“Every component of my life was attacked”: How misinformation generates fear and anxiety
The government says it wants to guard against false claims around renewable energy and climate change.
The years have rolled by - 25 of them, in fact - but Gippsland farmer Lindsay Marriott hasn’t forgotten the insults and the accusations.
At a community meeting in 2001, Marriott was told his decision to allow 12 wind turbines on his Bald Hills property would mean that “before dawn every day, [I would have to] go around and hoover up all the dead birds”.
The matter caused serious rifts in parts of the community. Marriott says friends and family were also targeted.
Aside from the bird graveyard, the farmer was told the turbines would lower the district’s property values and negatively impact his farm’s productivity.
None of it was true.
In November last year, Marriott told a Senate inquiry into misinformation and disinformation around climate change and energy that ibis, swans and ducks have been living on his property and navigating the turbines for more than a decade.
Plans for the turbines were approved in 2004, but construction didn't start until 2012.

Lindsay Marriott’s farm at Bald Hills with a flock of birds flying in the distance.
What happened: A parliamentary inquiry - backed by Labor, the Liberals, the Greens and Independent senator David Pocock, found that there are coordinated misinformation campaigns actively working to mislead Australians. Their aim is to delay action to reduce climate pollution, erode trust and inflame community conflict.
The inquiry’s report identified “climate obstruction” as a systemic problem that is shaping public debate and policy outcomes.
Marriott told the Monitor the opposition to his wind turbines came from a “driven, small group of people”, but locals now considered it “overwhelmingly a benign thing”.
Fact check
Power production: Marriott said some locals claimed his wind farm wouldn’t produce a meaningful amount of energy. The farm now produces enough electricity to power 62,000 homes.

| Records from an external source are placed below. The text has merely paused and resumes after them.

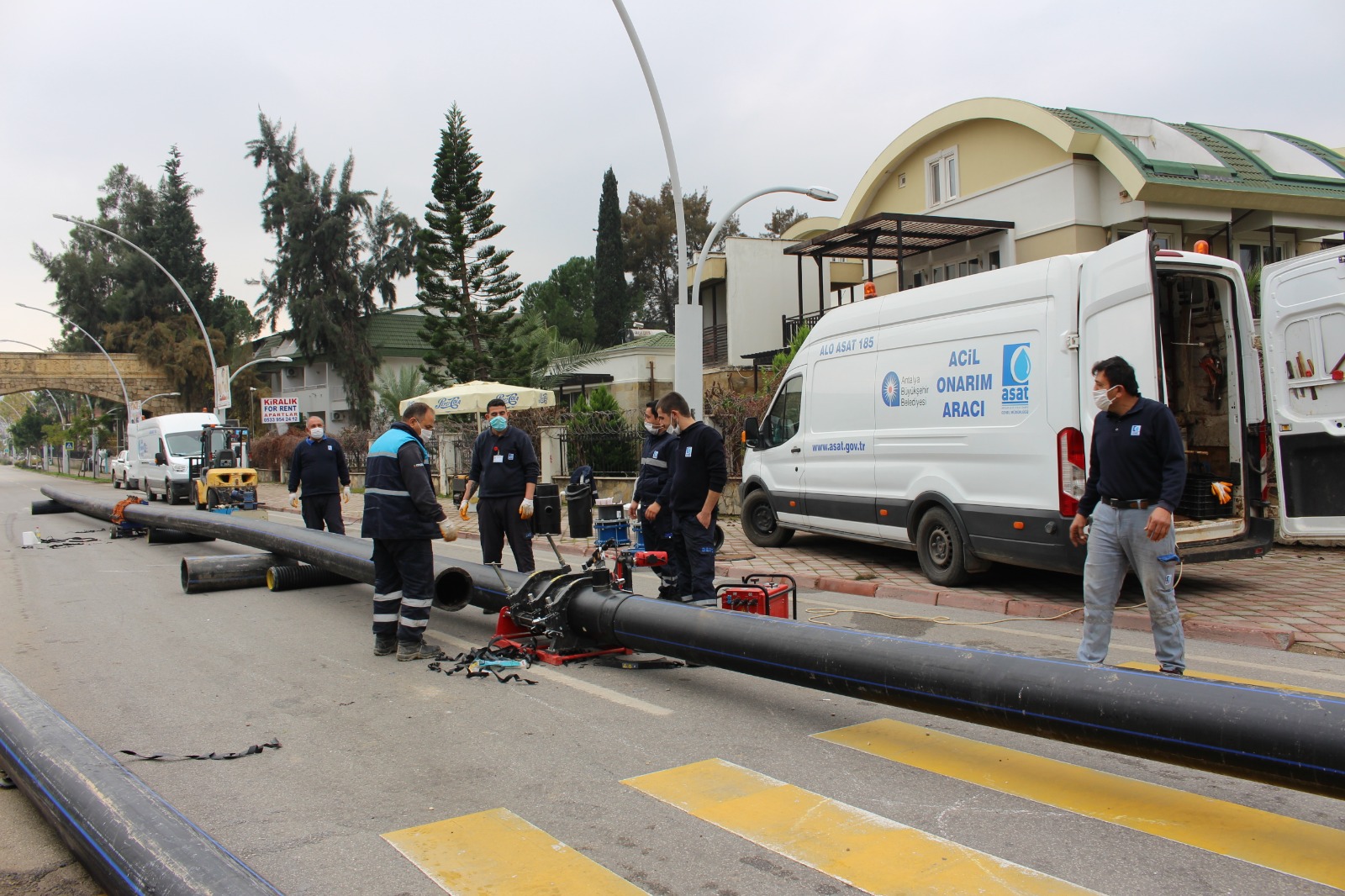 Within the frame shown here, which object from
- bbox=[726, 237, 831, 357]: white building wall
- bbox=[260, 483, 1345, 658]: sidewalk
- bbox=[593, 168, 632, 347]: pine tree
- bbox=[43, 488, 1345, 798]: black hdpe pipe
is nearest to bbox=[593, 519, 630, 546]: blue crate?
bbox=[260, 483, 1345, 658]: sidewalk

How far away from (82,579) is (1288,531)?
12.9 metres

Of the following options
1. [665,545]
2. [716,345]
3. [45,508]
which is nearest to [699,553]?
[665,545]

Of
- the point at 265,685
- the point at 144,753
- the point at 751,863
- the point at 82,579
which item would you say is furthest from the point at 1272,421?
the point at 82,579

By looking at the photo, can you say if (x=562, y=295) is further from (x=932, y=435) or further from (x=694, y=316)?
(x=932, y=435)

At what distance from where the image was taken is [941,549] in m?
9.02

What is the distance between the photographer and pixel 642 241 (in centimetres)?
5566

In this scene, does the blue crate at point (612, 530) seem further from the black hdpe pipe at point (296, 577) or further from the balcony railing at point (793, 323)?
the balcony railing at point (793, 323)

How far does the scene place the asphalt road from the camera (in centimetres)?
323

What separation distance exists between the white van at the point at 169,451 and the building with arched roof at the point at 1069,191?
17.3 meters

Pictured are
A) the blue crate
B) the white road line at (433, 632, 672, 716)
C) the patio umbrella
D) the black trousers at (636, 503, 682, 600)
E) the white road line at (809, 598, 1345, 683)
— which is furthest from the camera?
the patio umbrella

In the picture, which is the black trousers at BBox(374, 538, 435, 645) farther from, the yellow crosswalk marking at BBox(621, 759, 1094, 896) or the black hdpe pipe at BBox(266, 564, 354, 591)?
the black hdpe pipe at BBox(266, 564, 354, 591)

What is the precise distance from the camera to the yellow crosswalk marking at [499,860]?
3137mm

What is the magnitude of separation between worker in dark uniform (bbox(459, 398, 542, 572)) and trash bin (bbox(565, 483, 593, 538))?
1841 millimetres

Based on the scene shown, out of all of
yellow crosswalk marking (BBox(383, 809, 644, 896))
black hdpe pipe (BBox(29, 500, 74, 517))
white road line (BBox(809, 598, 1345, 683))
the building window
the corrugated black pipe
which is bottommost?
yellow crosswalk marking (BBox(383, 809, 644, 896)) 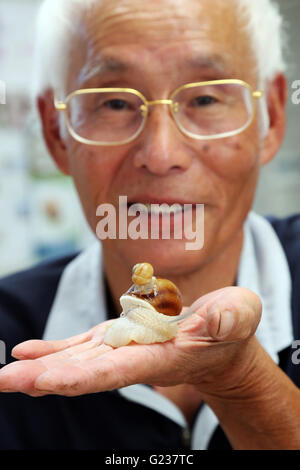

Animal productivity: Naysayers told Marriott his animals wouldn’t be able to graze under the turbines.
“It has had absolutely no negative impact on animal production. My farm has increased in productivity,” Marriott said.

Sheep grazing on Marriott’s farm.
Fear and loathing in Gippsland
The National Director of RE-Alliance, Andrew Bray, also submitted evidence to the inquiry.
RE-Alliance is a not-for-profit that advocates for regional communities as they shift to renewable energy.
Bray told the Monitor: “One of the biggest contributors to community anxiety is not being able to access easy, factual, locally relevant and trusted information.”
According to the News and Media Research Centre (NMRC) survey from 2025, nearly three quarters (74 percent) of Australians are concerned about misinformation, the highest percentage of any country in the survey.
“When there's an information void, we just see it filled time and time again by false and exaggerated claims,” Bray said. “It's important that the government step in and support the work that's happening at the local community level to get accurate information out.”
Trusted institutions
Bray said he was disappointed when politicians talked down organisations like the CSIRO, which were “widely acknowledged as the experts in these areas”.
He is in favour of setting up hubs in renewable energy zones around the country to provide information to locals.
The minority
“I went through a pretty intensive anti movement 20 years ago,” Marriott told the Senate inquiry. “Anti programs can’t be happy. They demand unhappiness, and they demand anger, and the anger develops into hatred and they can inspire people that otherwise would never think of doing the things they did.”
He said “every component of my life was attacked” by some of those against the turbines, and that people spreading false narratives “need to be called out”.